A presentation of the “Fragile Venice” study, which touches on some of the most serious future challenges faced by the city of Venice and its Lagoon, will take place today, 12 December (2.30 pm.), in Venice, at the sala del Piovego in the Doge’s Palace. As the city’s urban fabric undergoes deep structural changes, this is the first enquiry of its kind into the wider effects of tourism and shifting patterns of residency, and their future implications for the conservation of this World Heritage site.
The “Venice and its Lagoon” site was inscribed on the UNESCO World Heritage List in 1987, in recognition of its unique historical, archaeological, urban and artistic heritage and exceptional cultural traditions, integrated into an extraordinary natural landscape.
The fragile balance of this environment is the subject of the 2012-2018 Management Plan for the “Venice and its Lagoon” site, which aims to protect and enhance the Site through integrated policies for sustainable development. The primary threats and issues identified by this plan are wave motion (moto ondoso) induced by wind and water traffic, the erosion of the lagoon bed compounded by the illegal harvesting of shellfish, pollution, the conservation of man-made heritage, the progressive loss of resident population in the historical centre and on the islands and growing, almost unsustainable, levels of tourism.

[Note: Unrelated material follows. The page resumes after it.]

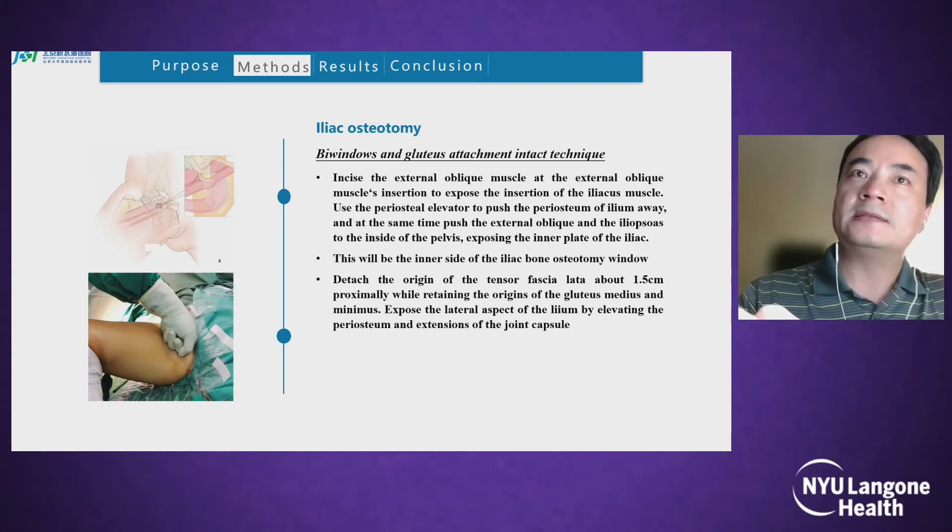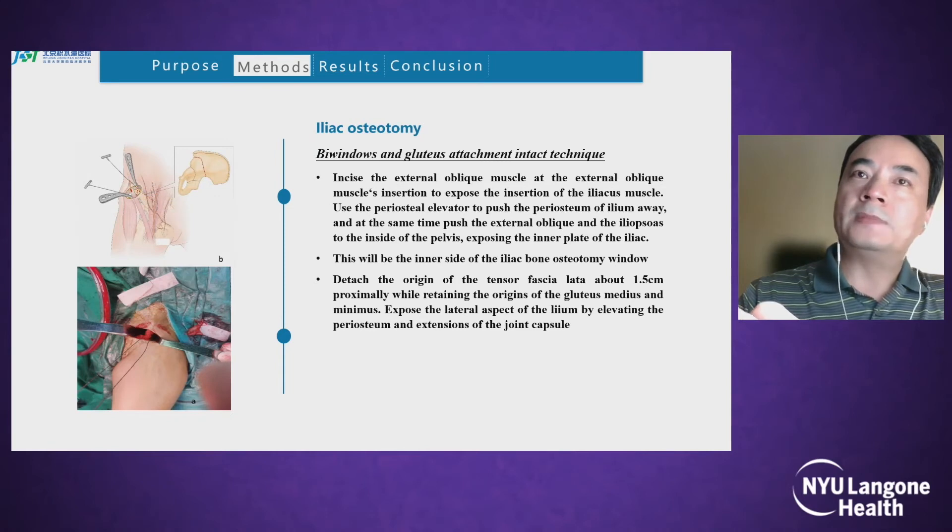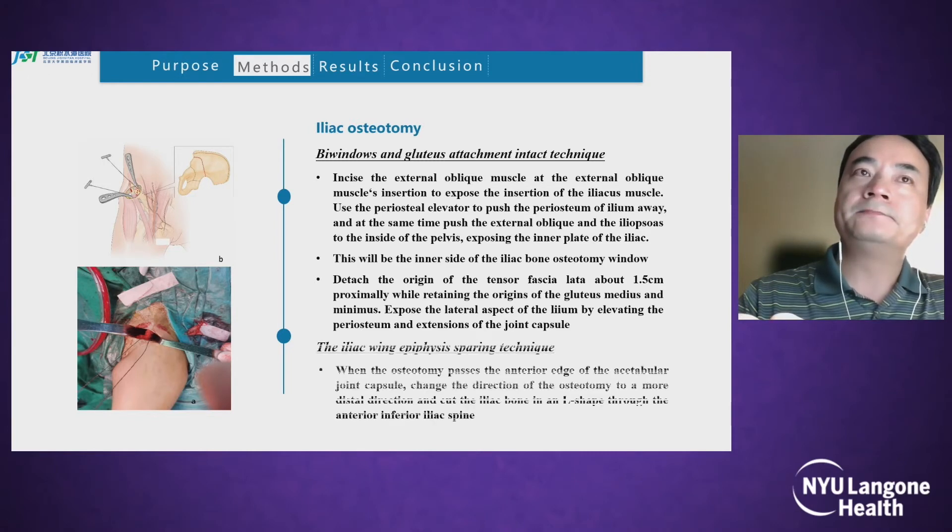Detach the origin of the tensor fasciae latae about 1.5 cm proximally, while retaining the origin of gluteus medius and minimus. Expose the lateral aspect of the iliac by elevating the periosteum and extension of the joint capsule. When the osteotomy passes the anterior edge of the acetabular joint capsule, change direction to a more distal direction and cut the iliac bone in an L-shape through the anterior inferior iliac spine.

The “Fragile Venice” study investigates the processes that contribute to the degradation of the urban system and identifies possible solutions. It is funded by the Italian Ministry of Cultural Heritage and Activities (MiBAC), and provides support for the implementation of the Management Plan for Venice by analyzing the key elements that affect this historically important area, with a view to providing an appropriate and effective response and debunking many commonly held beliefs.
The study focuses on the impact of human activity on the urban and natural environment of Venice and its Lagoon, physically and in terms of behavior, perception and wider demographic trends. Issues raised include waste disposal, transport, tourism, urban planning and the ever-contentious cruise liners that cut a path through the city, towering over its buildings.
The publication will be introduced by its authors, Paolo Gasparoli and Francesco Trovò. A discussion will follow, moderated by journalist Alberto Vitucci (La Nuova Venezia) and featuring speakers Renata Codello (superintendent for Architectural Heritage and Landscape in Venice and its Lagoon), Domenico Patassini (Co.Ri.La.), Guido Zucconi (IUAV University of Venice), and Philippe Pypaert of the UNESCO Regional Bureau for Science and Culture in Europe, Venice (Italy).
The study is the result of work conducted by the Superintendency for Architectural Heritage and Landscape in Venice and its Lagoon, Venice Municipality and researchers from Milan Polytechnic.